Jewish civil rights organization lists 36 key figures of far-right movement at a time of ‘increased public activity’

Eric Cortellessa covers American politics for The Times of Israel.

Illustrative: Richard Spencer, who leads a movement that mixes racism, white nationalism and populism, speaks at the Texas A&M University campus in College Station, Texas on December 6, 2016. (AP Photo/David J. Phillip)
Illustrative: Richard Spencer, who leads a movement that mixes racism, white nationalism and populism, speaks at the Texas A&M University campus in College Station, Texas on December 6, 2016. (AP Photo/David J. Phillip)

WASHINGTON — Highlighting the growing influence of the alt-right movement, the Anti-Defamation League on Tuesday released a roster of its major players — people ranging from neo-Nazis to conservative politicians to internet trolls.

The storied anti-Semitism watchdog published a new guide — a “Who’s Who?” — of 36 activists and leaders of the alt-right and alt-lite, saying they “personify” these movements “at a time of increased public activity.”

ADL officials said the lists were needed to help understand and track the movements and the various ideologies they represent, underlining concerns in the Jewish community and elsewhere of the growing prominence of hate groups in the US under President Donald Trump.

The alt-right, an amorphous designation that includes among its ranks white supremacists, “white nationalists” and neo-Nazis, sprang from obscurity during the 2016 election cycle to one of the most prominent extremist groups in the United States.

The alt-lite is a term created by alt-right leaders to differentiate themselves from right-wing activists who spurn the white supremacist ideology. Many of its adherents, however, are also extremists and traffic in various forms of bigotry.

“In the past year, members of the alt right and alt lite have been increasingly at odds with each other, even as they hold public rallies to promote their extreme views,” said ADL chief Jonathan Greenblatt. “We want people to understand who the key players are and what they truly represent.”

ADL CEO Jonathan Greenblatt speaking at the organization’s Never is Now conference in New York City, Nov. 17, 2016. (Courtesy of the ADL)
ADL CEO Jonathan Greenblatt speaking at the organization’s Never is Now conference in New York City, Nov. 17, 2016. (Courtesy of the ADL)

The group’s report, which was compiled by its Center on Extremism, aims to increase understanding of these movements’ central characters and how their behavior and strategies are evolving over time.

“While the alt right has been around for years, the current iteration is still figuring out what it is — and isn’t,” said Oren Segal, who directs the ADL’s Center on Extremism, in a statement.

“This is further complicated by the emergence of the alt lite, which operates in the orbit of the alt right, but has rejected public displays of white supremacy. Both movements’ hateful ideologies are still somewhat fluid, as are the lines that separate them.”

Some people on the list are more known than others to the general public.
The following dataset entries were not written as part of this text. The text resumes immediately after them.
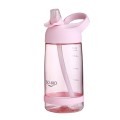 Portable Drinking Straws Water Bottle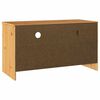 vidaXL TV-Schrank Drammen Eiche 99 x 43 x 55 cm Massivholz Kiefer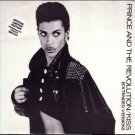 Prince and The Revolution Kiss + poster 12"" S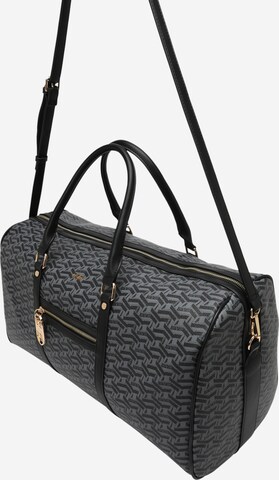 19V69 ITALIA Cestovní taška 'by Versace ROSINA' – černá: přední strana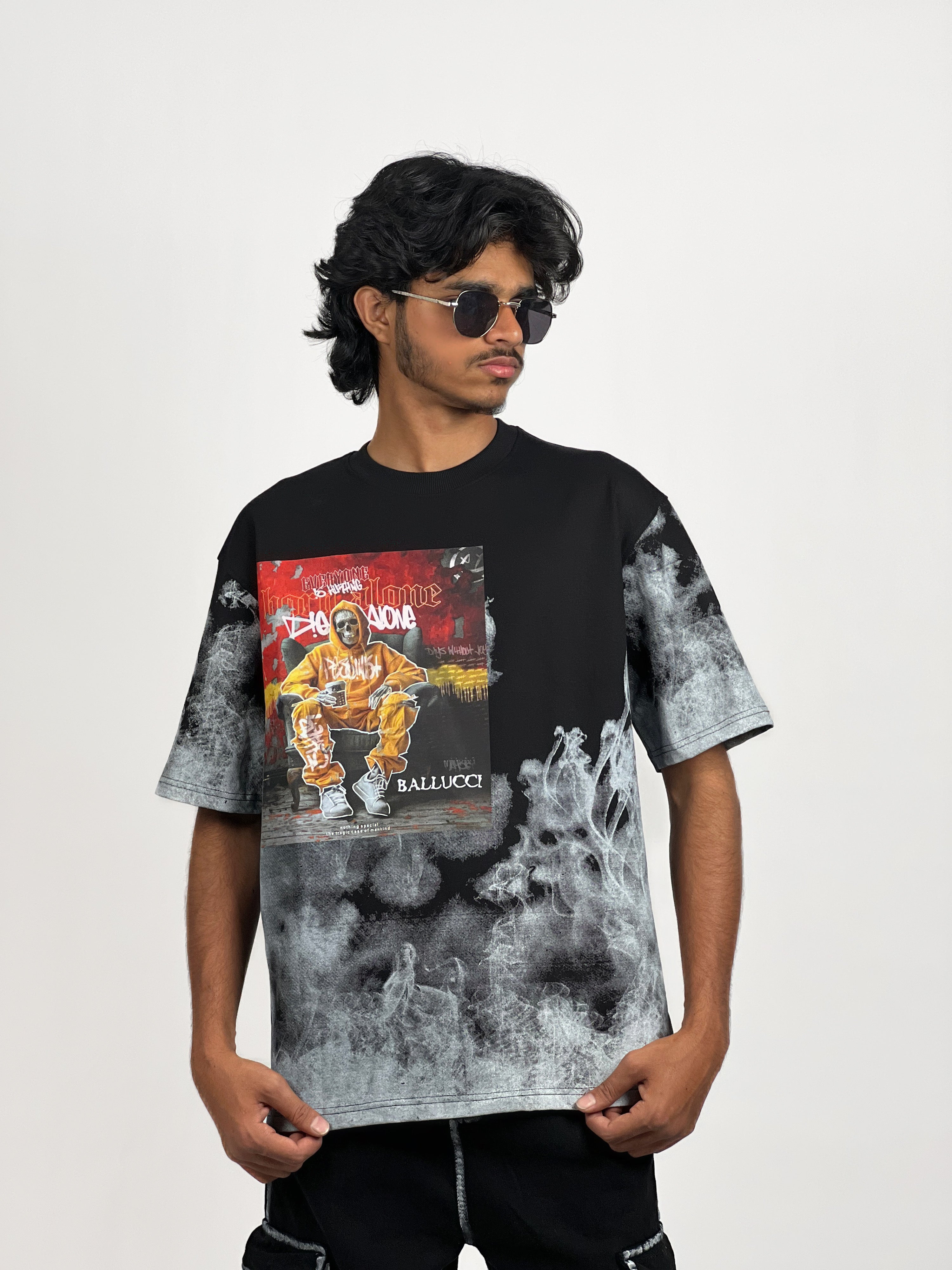 DIO ALONE OVERSIZED - BLACK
Richard Spencer, for instance, the leading ideologue of the alt-right who made headlines last December when he “hailed” then President-elect Donald Trump as a crowd made Nazi salutes, is included. So, too, is Andrew Anglin, who runs a neo-Nazi website, The Daily Stormer.
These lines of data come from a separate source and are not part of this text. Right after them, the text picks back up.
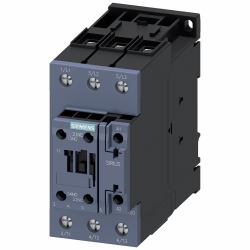 Siemens SIRIUS 3RT Size S2, 3RT2 Contactor, 24 V dc Coil, 3-Pole, 40 A, 18.5 kW, 1NO + 1NC 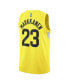 Фото #3 товара Men's and Women's Lauri Markkanen Gold Utah Jazz Swingman Jersey - Association Edition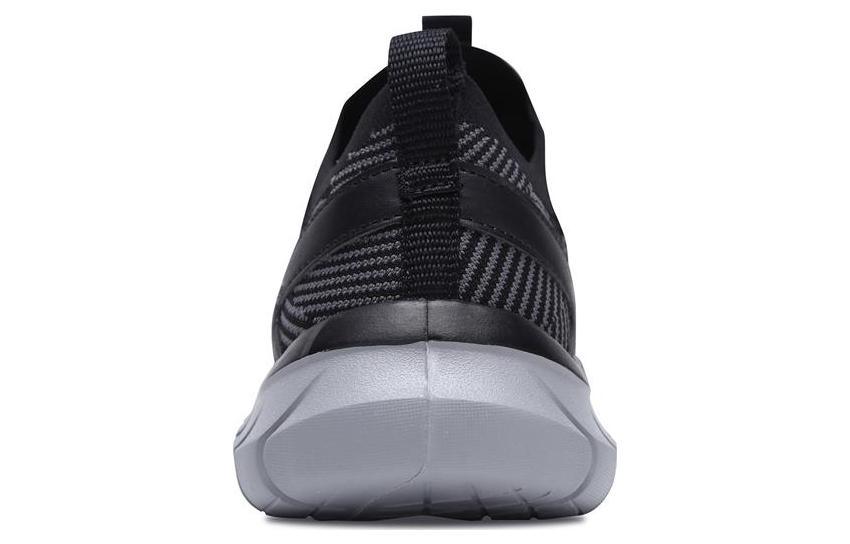 Lookbook Skechers Overhaul 'Negro Gris' 52820-BKGY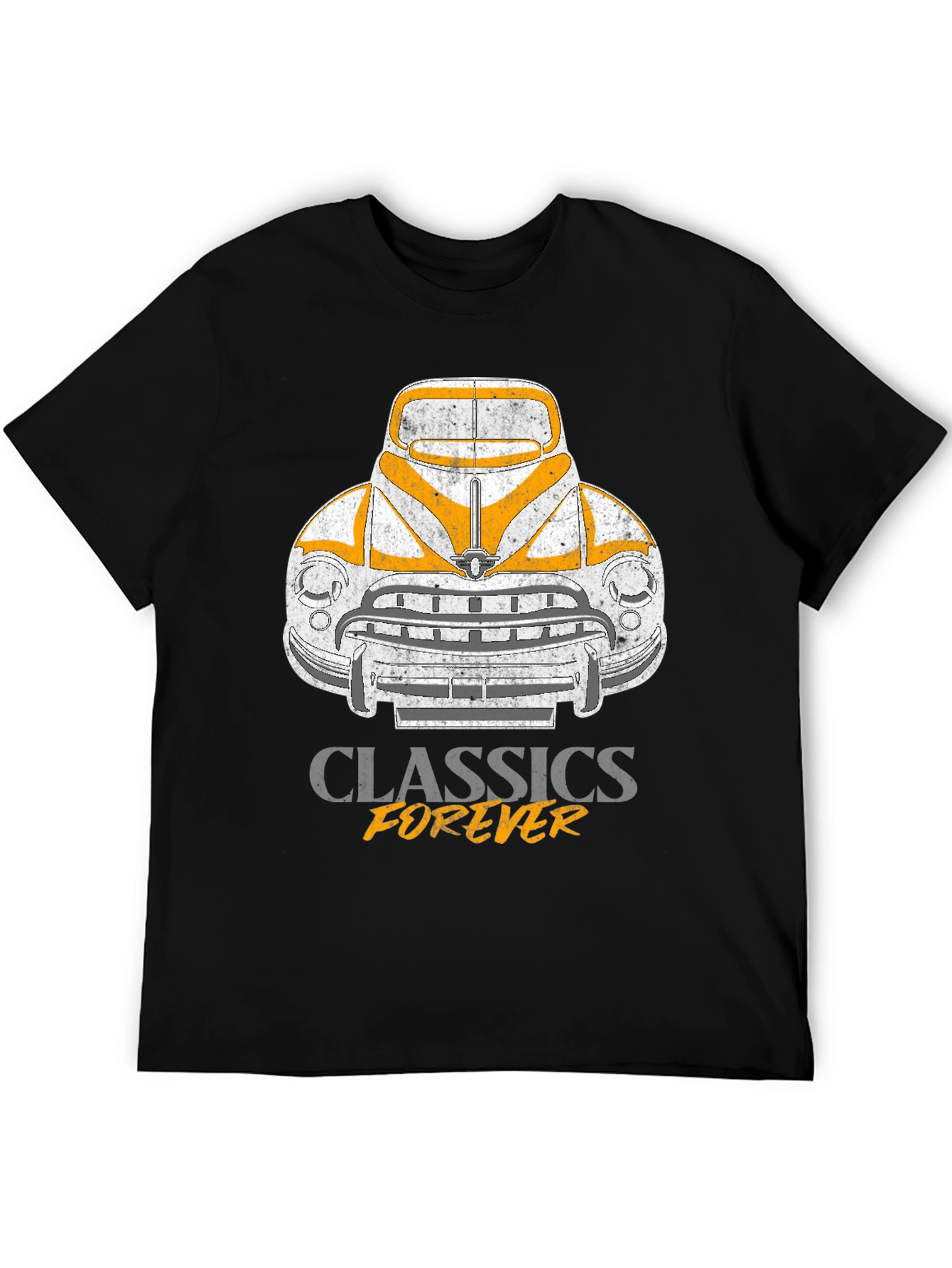 Camiseta Clásicos Forever - Diseño Retro Automóvil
Many of those cataloged, like Spencer and Anglin, are staunch supporters of President Trump.

Corey Stewart, then co-chair of Donald Trump's 2016 presidential campaign in Virginia, addresses Trump supporters in a Northern Virginia home on Feb. 1, 2016 for an Iowa caucus watch party. (Eric Cortellessa/Times of Israel)
Corey Stewart, then co-chair of Donald Trump’s 2016 presidential campaign in Virginia, addresses Trump supporters in a Northern Virginia home on Feb. 1, 2016 for an Iowa caucus watch party. (Eric Cortellessa/Times of Israel)

Corey Stewart, a recently failed candidate for Virginia’s 2017 GOP gubernatorial primary, is listed. During the 2016 election, he co-chaired Trump’s campaign in the state, but was eventually fired for attending an anti-Republican National Committee rally in October 2016. He’s made headlines for seeking to preserve Confederate monuments in the American south.

Milo Yiannopolous is also included. A controversial media provocateur, Yiannopolous resigned as a writer for Breitbart News in February, after he seemed to condone men having sex with boys as young as 13.

Breitbart News, a far-right website, was once run by Steve Bannon, now Trump’s senior counselor and chief White House strategist.

During his tenure as executive chairman, Bannon pushed a nationalist agenda and turned the publication into what he called “the platform for the alt-right.” The ADL vociferously opposed his appointment to a job in the White House.

Many critics, especially the ADL, were disgruntled by President Trump’s unwillingness to condemn his alt-right backers as a candidate, which he later did in an interview with The New York Times after he was elected.